● **WHAT YOU NEED TO DO**
Beneath this line sits some data. Return only its lines from the one holding "So we have discussed" through the one holding "Hello, this is", inclusive, exactly, with the images removed.

● **INPUT MATERIAL**
┄┄┄┄┄┄

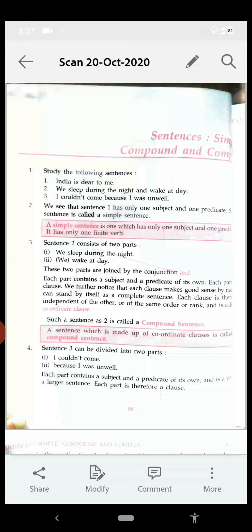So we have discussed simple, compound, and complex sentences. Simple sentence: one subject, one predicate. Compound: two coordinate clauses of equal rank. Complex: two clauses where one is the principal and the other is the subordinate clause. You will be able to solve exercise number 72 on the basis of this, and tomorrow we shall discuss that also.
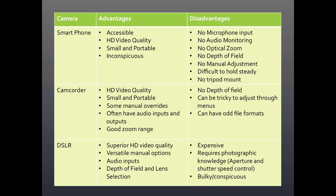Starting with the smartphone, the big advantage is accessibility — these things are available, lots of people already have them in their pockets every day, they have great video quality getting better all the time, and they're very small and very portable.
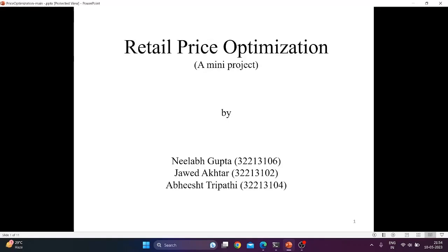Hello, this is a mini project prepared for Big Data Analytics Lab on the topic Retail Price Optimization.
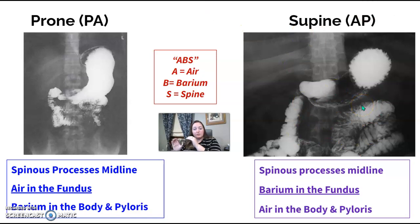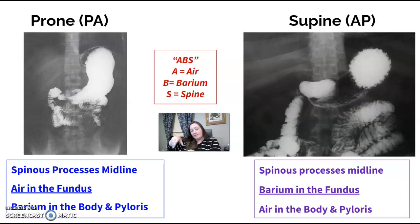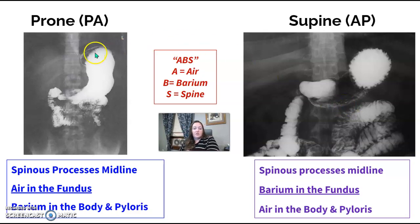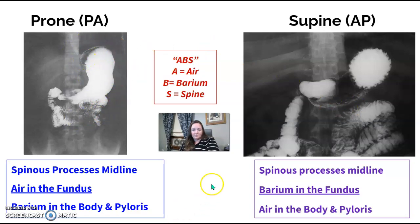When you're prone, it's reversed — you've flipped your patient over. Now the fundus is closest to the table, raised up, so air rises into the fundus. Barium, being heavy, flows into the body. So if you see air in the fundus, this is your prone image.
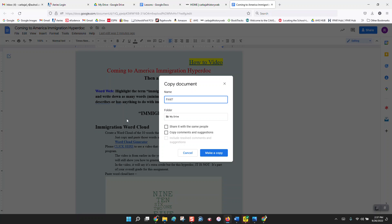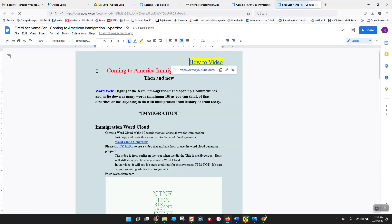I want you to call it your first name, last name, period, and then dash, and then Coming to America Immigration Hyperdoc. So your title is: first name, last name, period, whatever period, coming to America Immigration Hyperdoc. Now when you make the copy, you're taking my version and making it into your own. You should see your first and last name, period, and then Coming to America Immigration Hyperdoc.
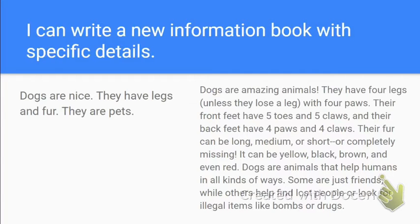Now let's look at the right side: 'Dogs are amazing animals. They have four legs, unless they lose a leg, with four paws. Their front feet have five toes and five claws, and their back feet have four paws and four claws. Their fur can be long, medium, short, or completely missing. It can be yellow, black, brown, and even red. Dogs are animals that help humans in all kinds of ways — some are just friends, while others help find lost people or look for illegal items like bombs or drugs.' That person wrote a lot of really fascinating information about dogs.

┄┄┄┄┄┄

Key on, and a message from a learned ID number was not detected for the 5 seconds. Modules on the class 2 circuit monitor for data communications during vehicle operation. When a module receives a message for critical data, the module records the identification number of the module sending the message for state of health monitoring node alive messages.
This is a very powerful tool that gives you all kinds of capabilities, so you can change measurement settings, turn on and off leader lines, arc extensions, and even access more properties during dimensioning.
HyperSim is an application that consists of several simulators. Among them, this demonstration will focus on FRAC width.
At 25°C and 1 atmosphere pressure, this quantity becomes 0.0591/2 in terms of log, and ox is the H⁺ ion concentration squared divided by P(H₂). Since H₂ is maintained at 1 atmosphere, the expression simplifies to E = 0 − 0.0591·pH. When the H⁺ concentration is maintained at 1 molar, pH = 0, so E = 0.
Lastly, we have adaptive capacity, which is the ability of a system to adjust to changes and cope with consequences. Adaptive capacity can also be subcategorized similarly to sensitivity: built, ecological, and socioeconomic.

┄┄┄┄┄┄

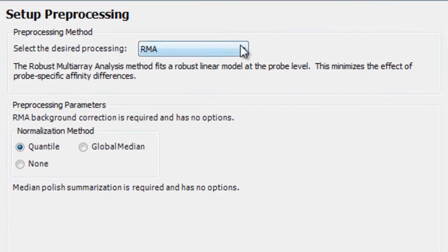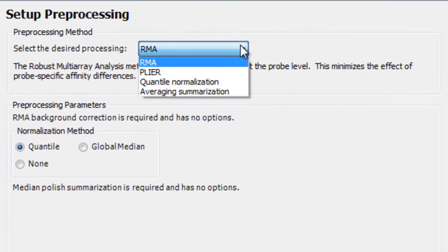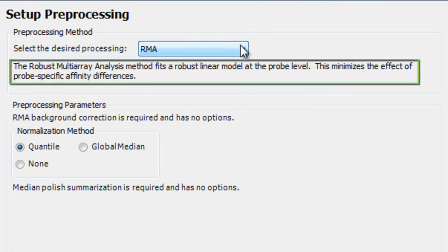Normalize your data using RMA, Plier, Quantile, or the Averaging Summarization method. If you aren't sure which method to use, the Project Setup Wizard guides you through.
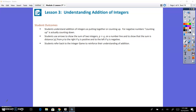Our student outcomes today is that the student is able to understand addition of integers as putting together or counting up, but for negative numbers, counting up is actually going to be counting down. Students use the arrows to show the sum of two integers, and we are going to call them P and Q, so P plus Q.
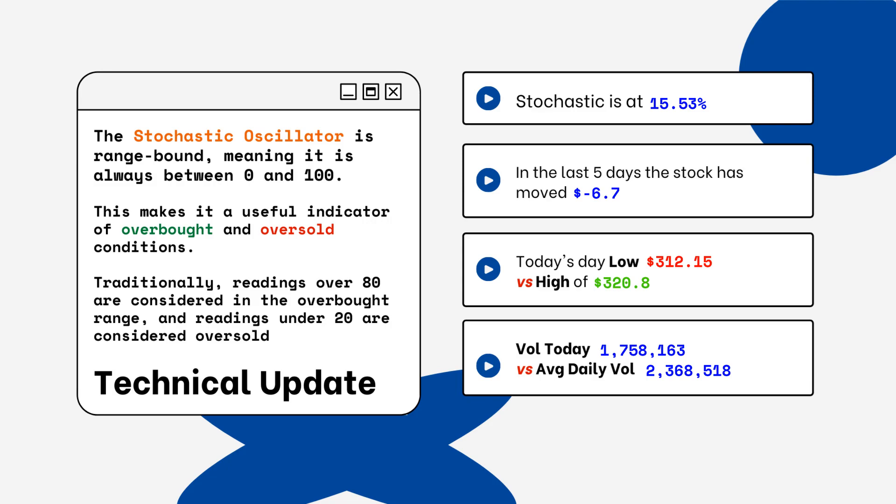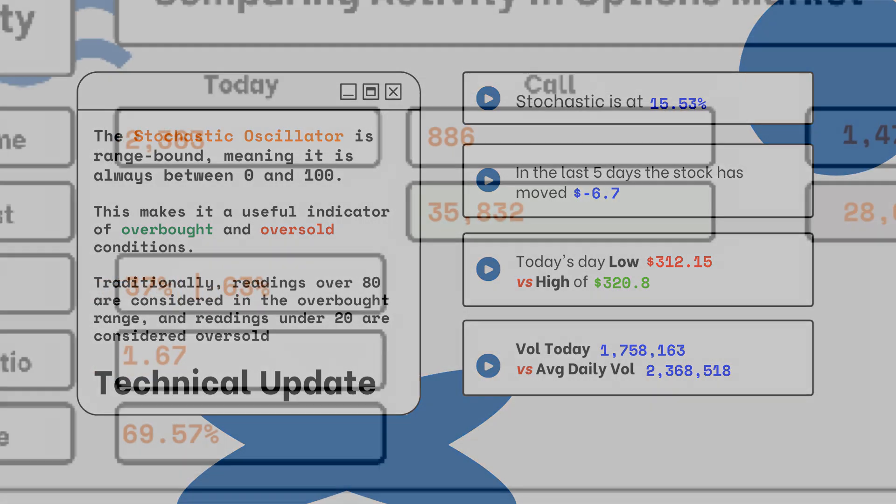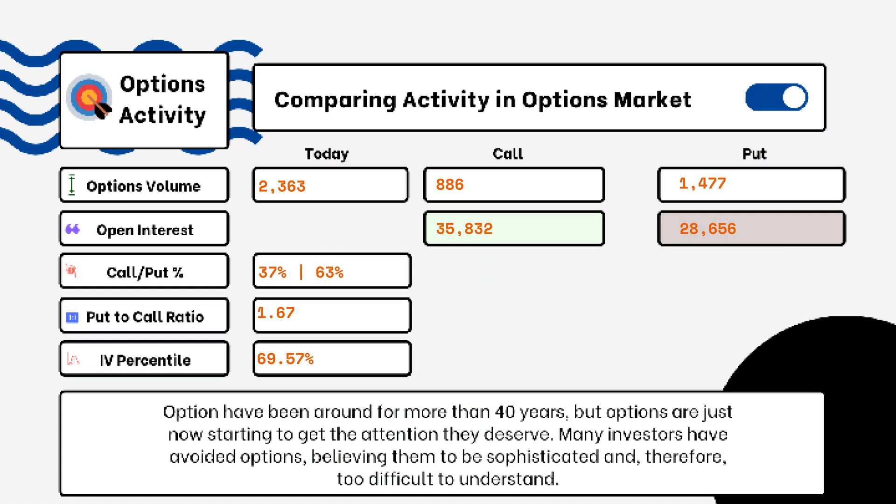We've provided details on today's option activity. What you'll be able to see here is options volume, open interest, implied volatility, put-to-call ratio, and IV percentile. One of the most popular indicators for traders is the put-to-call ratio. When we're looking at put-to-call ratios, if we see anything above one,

┄┄┄┄┄┄

● **RESPONSE**
So we have discussed simple, compound, and complex sentences. Simple sentence: one subject, one predicate. Compound: two coordinate clauses of equal rank. Complex: two clauses where one is the principal and the other is the subordinate clause. You will be able to solve exercise number 72 on the basis of this, and tomorrow we shall discuss that also.
Starting with the smartphone, the big advantage is accessibility — these things are available, lots of people already have them in their pockets every day, they have great video quality getting better all the time, and they're very small and very portable.
Hello, this is a mini project prepared for Big Data Analytics Lab on the topic Retail Price Optimization.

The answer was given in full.